** Opening Input data block **

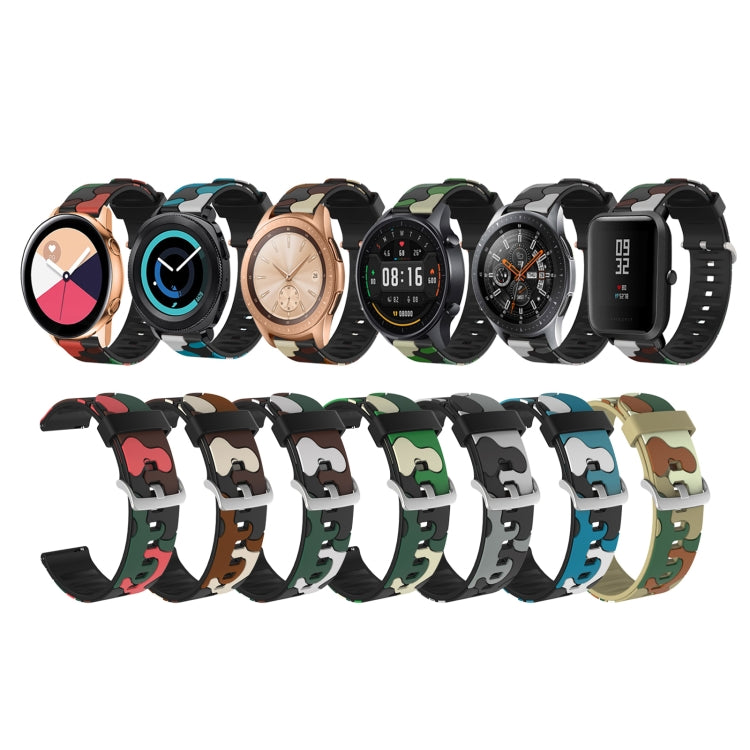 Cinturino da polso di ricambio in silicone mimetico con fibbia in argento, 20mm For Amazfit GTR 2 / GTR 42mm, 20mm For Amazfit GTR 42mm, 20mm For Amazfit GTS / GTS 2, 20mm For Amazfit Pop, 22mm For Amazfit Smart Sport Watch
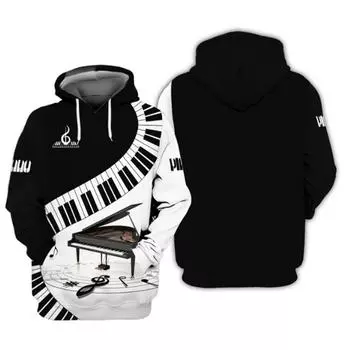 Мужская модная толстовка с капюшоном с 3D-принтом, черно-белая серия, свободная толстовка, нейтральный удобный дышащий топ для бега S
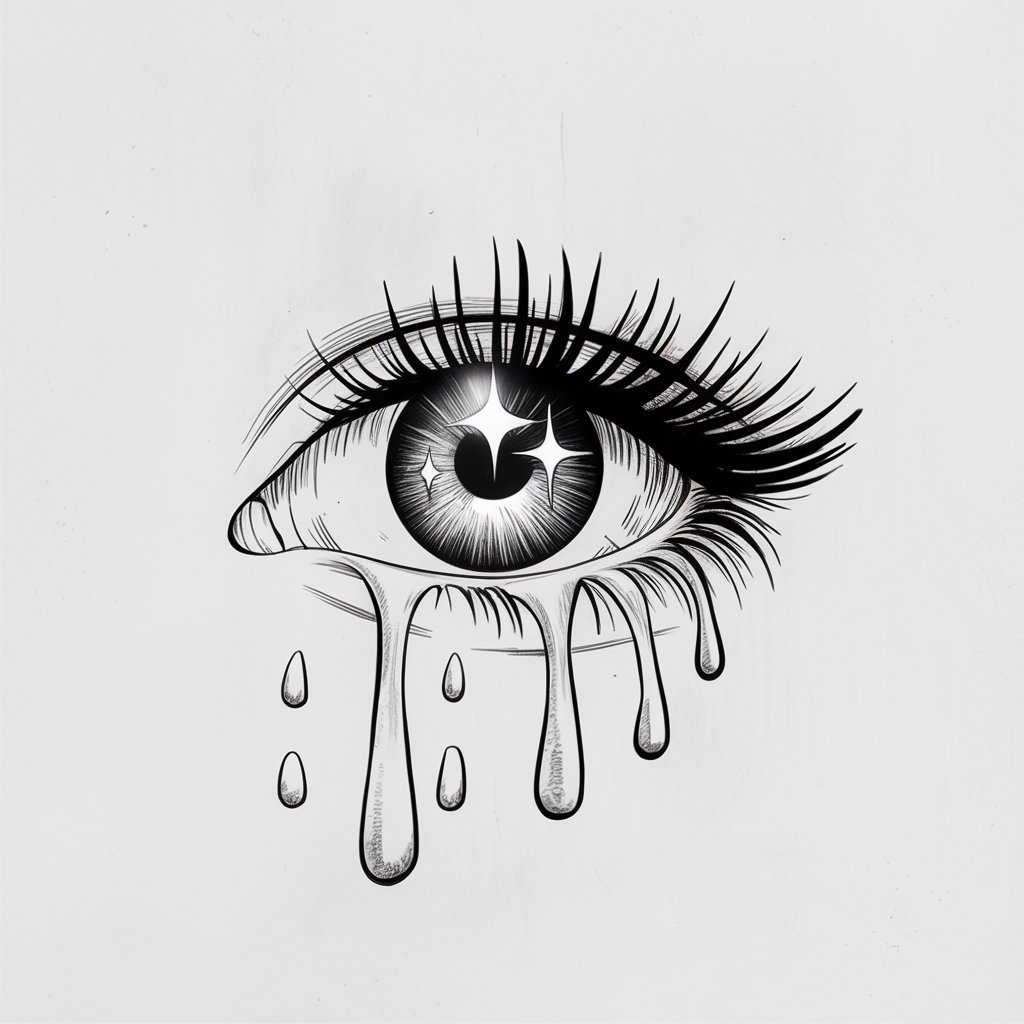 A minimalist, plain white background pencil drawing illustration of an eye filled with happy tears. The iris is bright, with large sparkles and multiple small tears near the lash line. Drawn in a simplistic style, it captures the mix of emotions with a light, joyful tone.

** Closing Input data block **
** Opening Input data block **

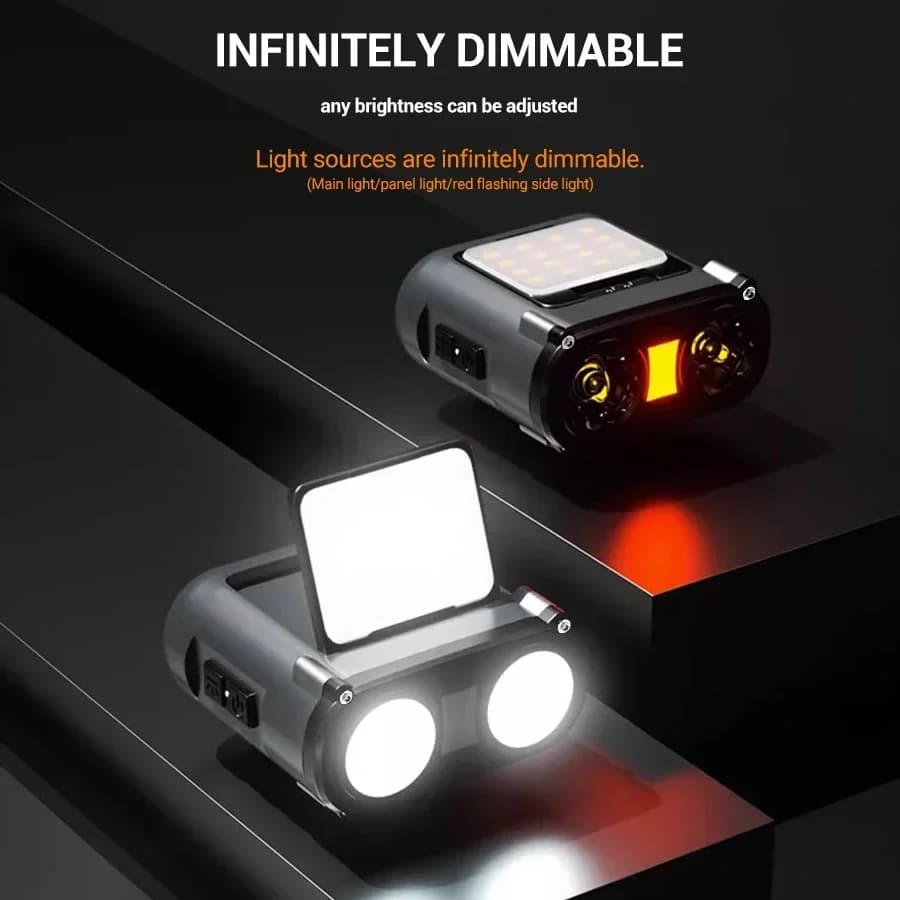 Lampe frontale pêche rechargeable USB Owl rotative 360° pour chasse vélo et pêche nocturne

** Closing Input data block **
** Opening Input data block **

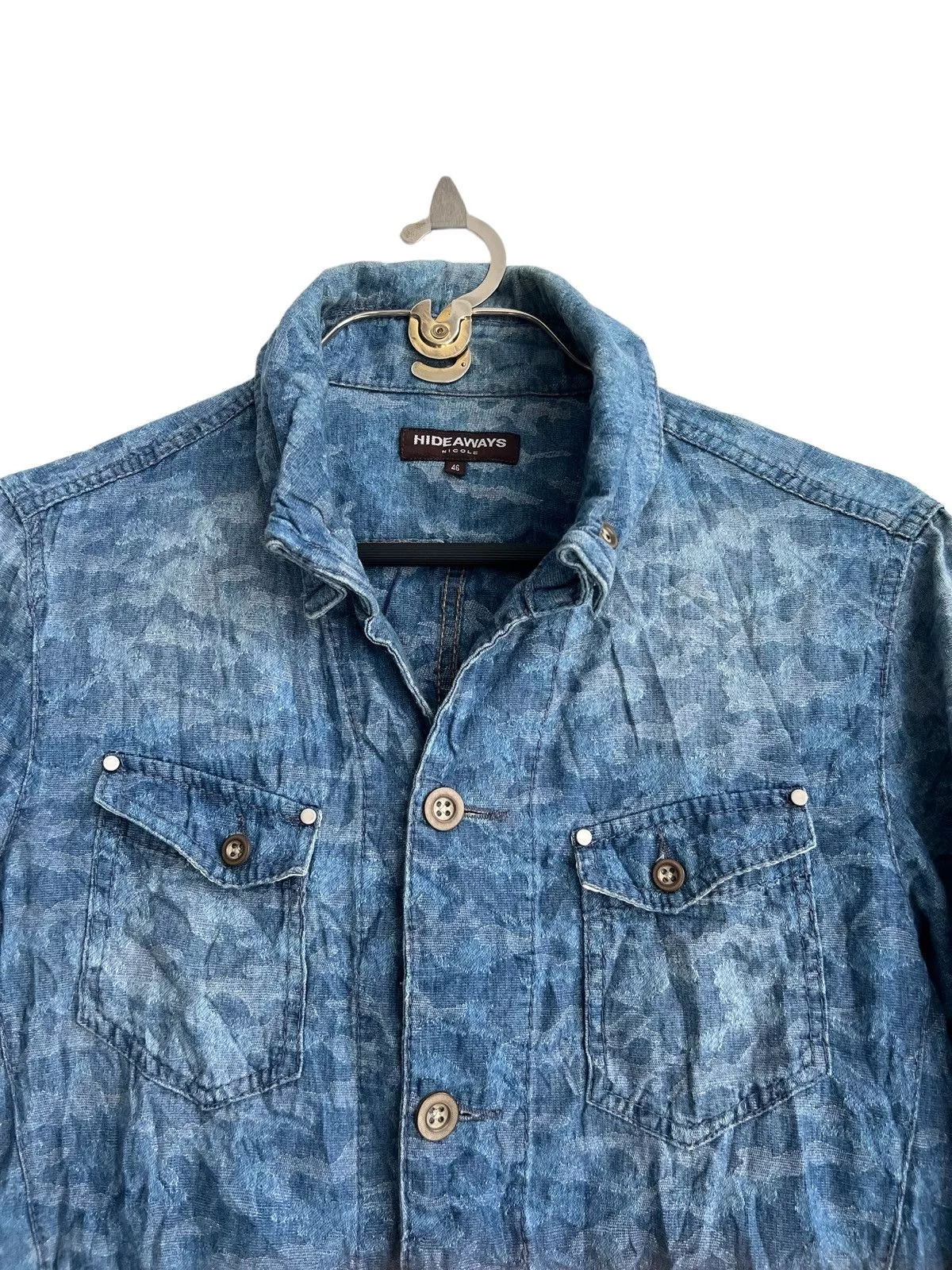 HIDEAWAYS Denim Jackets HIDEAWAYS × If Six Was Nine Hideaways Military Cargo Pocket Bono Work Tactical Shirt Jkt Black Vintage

** Closing Input data block **

» Task goal:
Starting at the line above that holds "Cinturino da polso", return each line up to and including the one that holds "A minimalist, plain", exactly as written, minus any pictures.

» Solution for this problem:
 Cinturino da polso di ricambio in silicone mimetico con fibbia in argento, 20mm For Amazfit GTR 2 / GTR 42mm, 20mm For Amazfit GTR 42mm, 20mm For Amazfit GTS / GTS 2, 20mm For Amazfit Pop, 22mm For Amazfit Smart Sport Watch
 Мужская модная толстовка с капюшоном с 3D-принтом, черно-белая серия, свободная толстовка, нейтральный удобный дышащий топ для бега S
 A minimalist, plain white background pencil drawing illustration of an eye filled with happy tears. The iris is bright, with large sparkles and multiple small tears near the lash line. Drawn in a simplistic style, it captures the mix of emotions with a light, joyful tone.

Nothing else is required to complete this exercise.